Satınalma Süreçlerinde Sürdürülebilirlik! Türkiye’yi Bekleyen Çevre Yasaları ve AB Karbon Düzenlemeleriyle Yeni Bir Döneme Hazırlık
Olgar ATASEVEN
Girişimci, İş İnsanı, Yazar, Konuşmacı
Kitabım #BitersemBitersin’i yazmama sebep olan en önemli konu dünyamızı nasıl sürdüreceğimizdi. Dünyanın dile gelmesi durumunda neler diyeceği ile başlayan kitabım, kişilere, şirketlere ve hükümetlere dünyayı sürdürmek için ne yapmamız gerektiğini anlatıyor. Bu makalede buradan hareketle satınalma açısından sürdürülebilirliği işlemek istedim. Kitabımda da anlattım ama artık bugün şirketlerin sürdürülebilirlik yolundaki adımları artık bir tercih değil, zorunluluk haline gelmiş durumda. Özellikle Türkiye gibi AB ile güçlü ticaret ilişkilerine sahip ülkelerde, çevre ve karbon düzenlemelerine uyum stratejik önem taşıyor. Bu makalede, Türkiye’deki satınalma profesyonellerinin sürdürülebilirlik konusunda nasıl aksiyon alabileceğini, Avrupa Yeşil Mutabakatı ve AB Sınırda Karbon Düzenleme Mekanizması (CBAM) gibi düzenlemelerin Türkiye’ye yansımalarını, yeni çevre yasalarının şirketleri nasıl etkileyeceğini ana hatları ile ele alacağım.

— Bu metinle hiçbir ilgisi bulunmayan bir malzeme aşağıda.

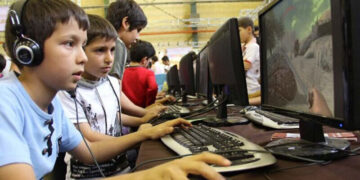 اعتیادآوری و جذابیت‌ بیشتر بازی‌های آنلاین / مراقب عوارض بازی‌های رایانه‌ای باشید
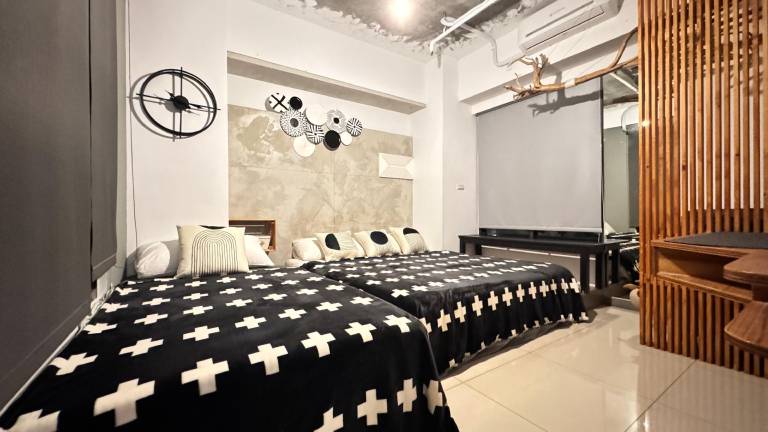 HSIEN 【Zuoying High-Speed Rail】 § 【Mountain View & 7-Person Family Room】 5-Minute Walk in Kaohsiung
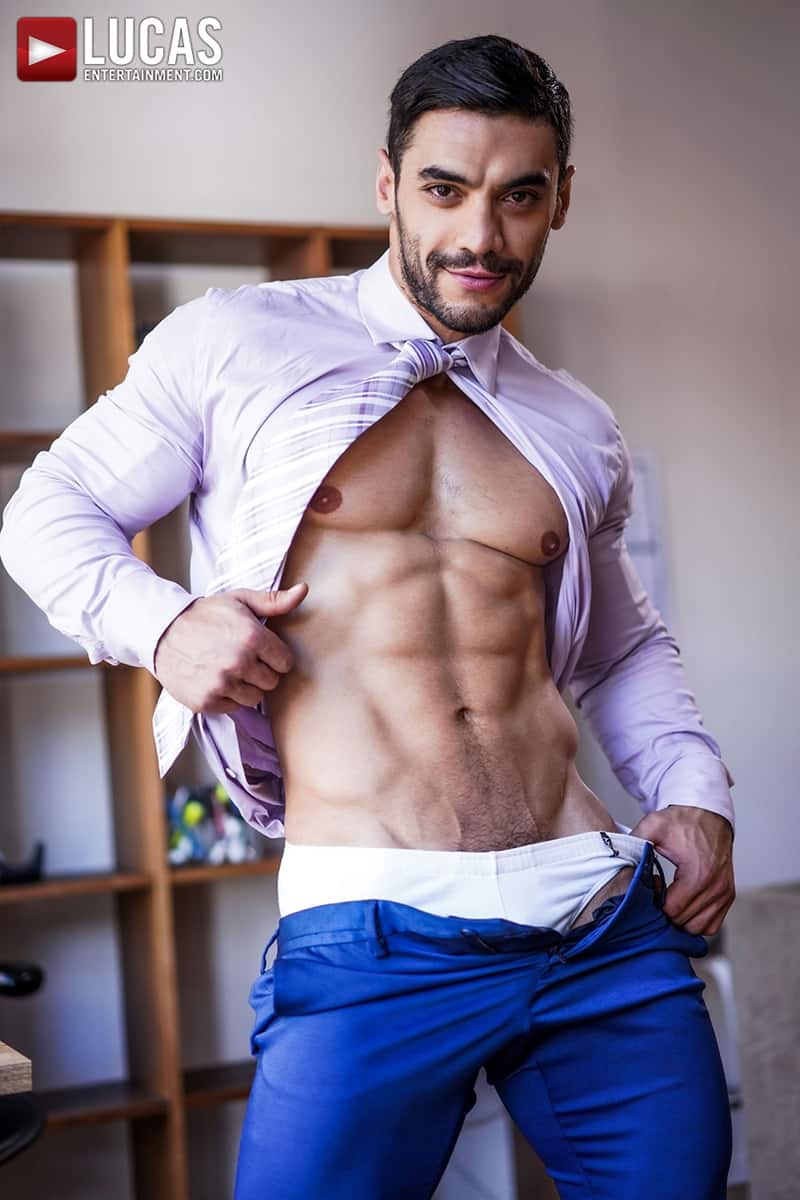 Total-power-top-Andre-Donovan-bottoms-Arad-Winwin-huge-muscle-cock-LucasEntertainment-006-Gay-Porn-Pics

Sürdürülebilir Satınalma ve Yeşil Tedarik Zinciri: Temel Yaklaşımlar
Sürdürülebilir satınalma, çevresel ve sosyal faktörleri göz önüne alarak tedarikçi seçiminden tedarik zinciri yönetimine kadar tüm süreçlerin yeniden düzenlenmesi anlamına gelir. Bu yaklaşım, yalnızca maliyetleri optimize etmeyi değil, kaynakları verimli kullanmayı, karbon ayak izini düşürmeyi ve çevreye minimum zarar vermeyi hedefler. Türkiye’de birçok şirket, sürdürülebilir satınalma ilkelerini benimsemeye başlamış olsa da AB’nin yeni düzenlemeleri bu alanda daha büyük bir dönüşümün kapısını aralıyor.

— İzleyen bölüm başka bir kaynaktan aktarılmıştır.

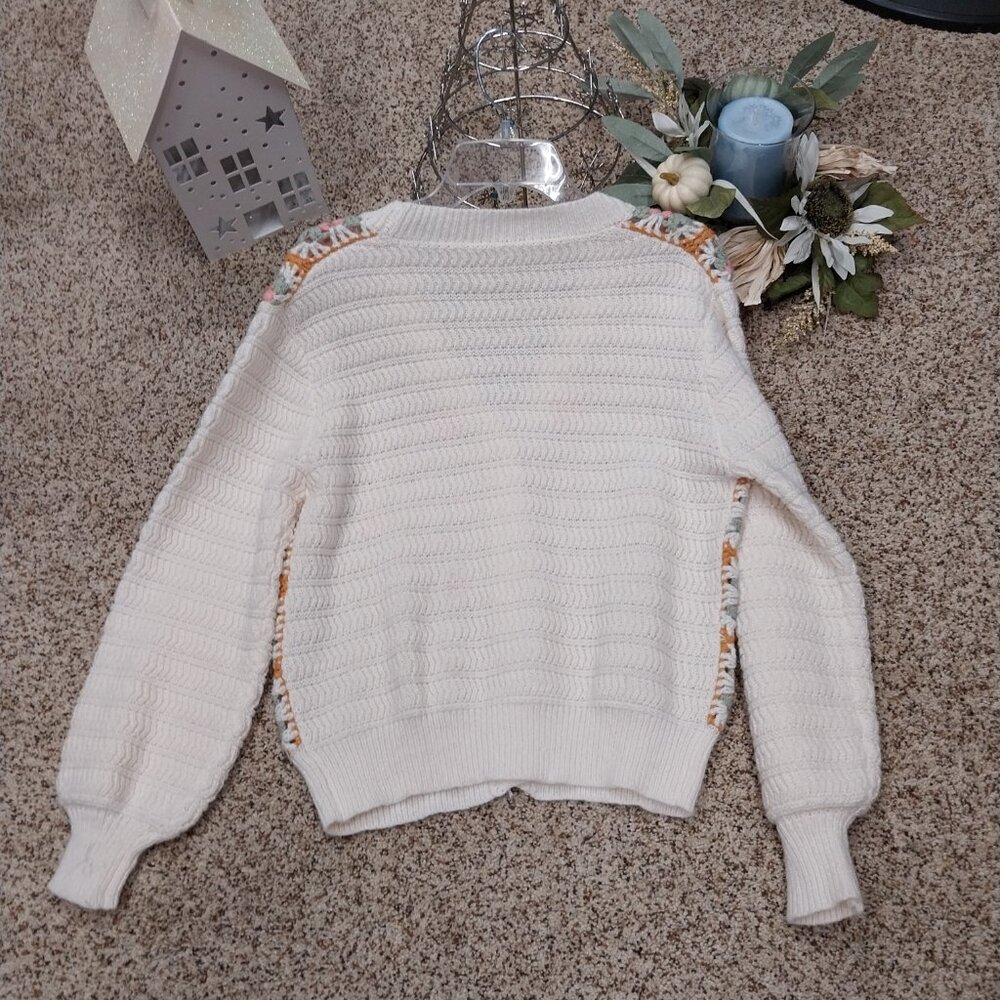 3569 Size M/L Bi Bi Granny Square Button Down Sweater in Pink and Green, NWT. - Picture 5 of 5
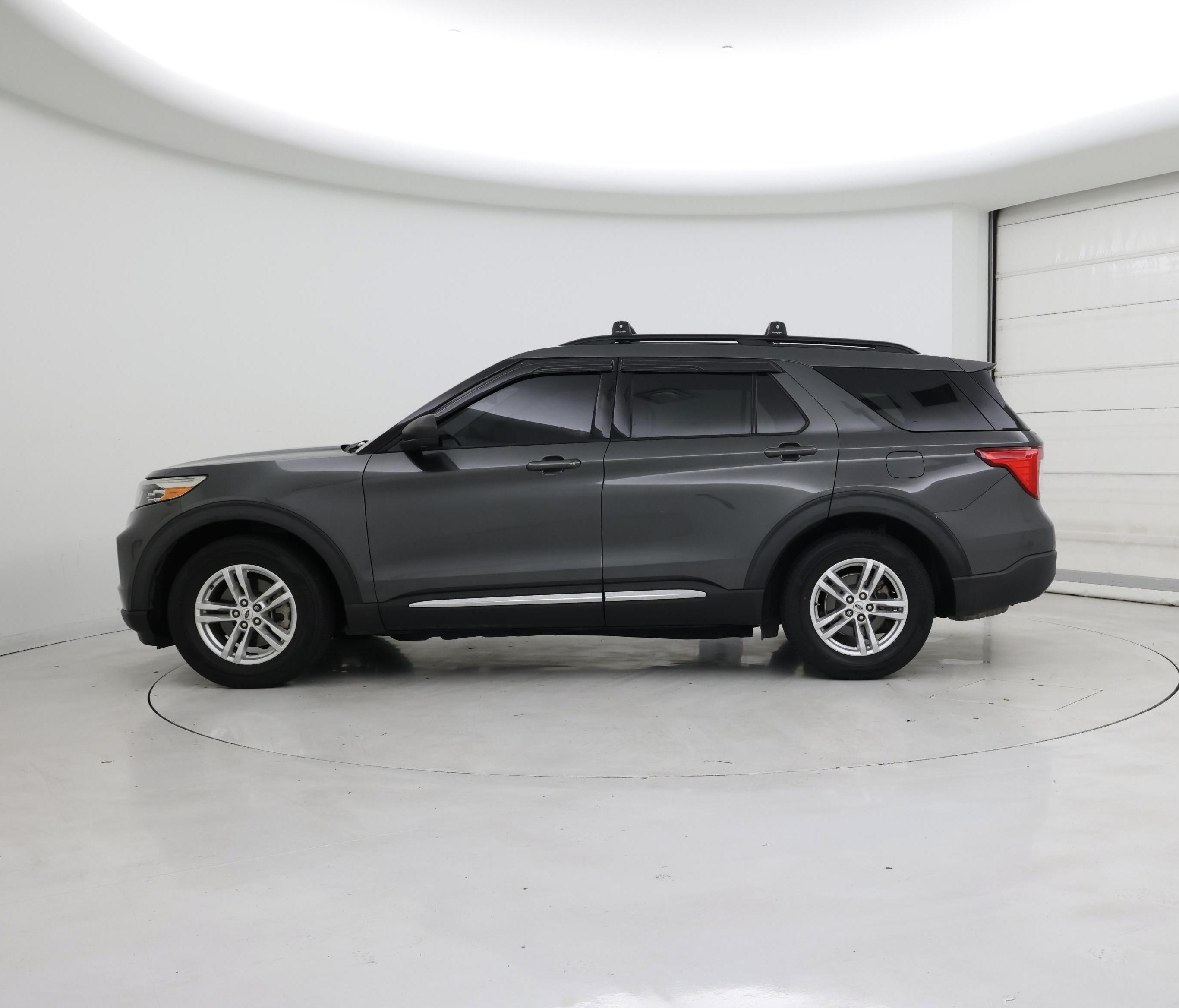 Thumbnail: 2020 Ford Explorer - 3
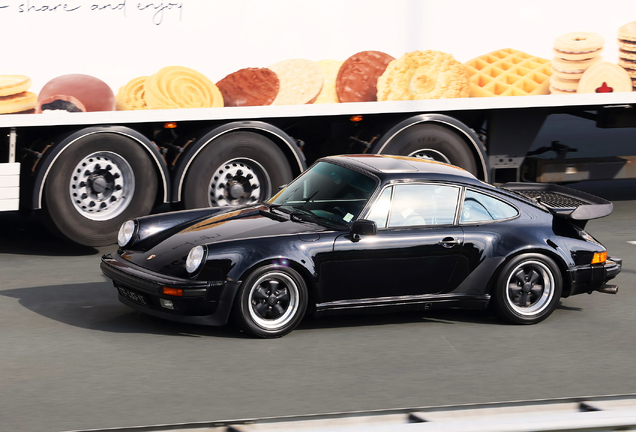 Porsche 930 Turbo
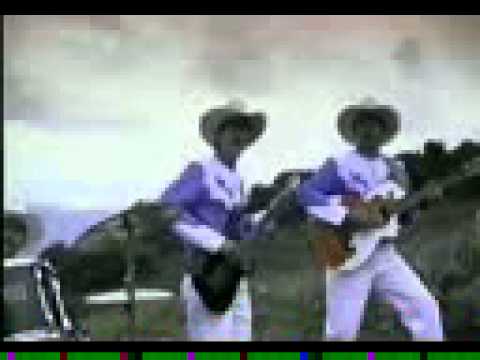 CLAVE PRIVADA / LOS COYOTES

AB Sınırda Karbon Düzenleme Mekanizması (CBAM) ve Türkiye’ye Etkileri
Bu sene yaz ayında verdiğim konferansta AB’nin Sınırda Karbon Düzenleme Mekanizması (CBAM), konusunu anlatmıştım. Bu düzenleme, karbon emisyonlarının sınırlanması adına alınan en kapsamlı adımlardan biri. 2026 yılında tam olarak uygulanmaya başlanacak olan bu düzenlemeyle, Türkiye’nin AB’ye ihracat yapan birçok sektörü doğrudan etkilenecek. Bu konunun sadece ihracat departmanlarını ilgilendirdiği kesinlikle düşünülmemeli. Tüm şirketi ilgilendirdiği gibi satınalmayı ve tedarik zincirini de ilgilendiriyor.
CBAM’ın Temel Unsurları
CBAM, AB’ye ithal edilen ürünlerin karbon emisyon seviyelerine göre bir vergiye tabi tutulmasını öngörüyor. Bu mekanizma, çelik, çimento, alüminyum, gübre ve elektrik gibi karbon yoğun sektörleri kapsıyor. Türkiye’de bu sektörlerde faaliyet gösteren şirketler için AB’nin karbon fiyatlandırmasıyla uyumlu bir emisyon azaltma politikası geliştirmek hayati önem taşıyor. Ama şimdilik diğer sektörlerin panik olmasına gerek yok ama yine de sıranın herkese geleceği aşikar.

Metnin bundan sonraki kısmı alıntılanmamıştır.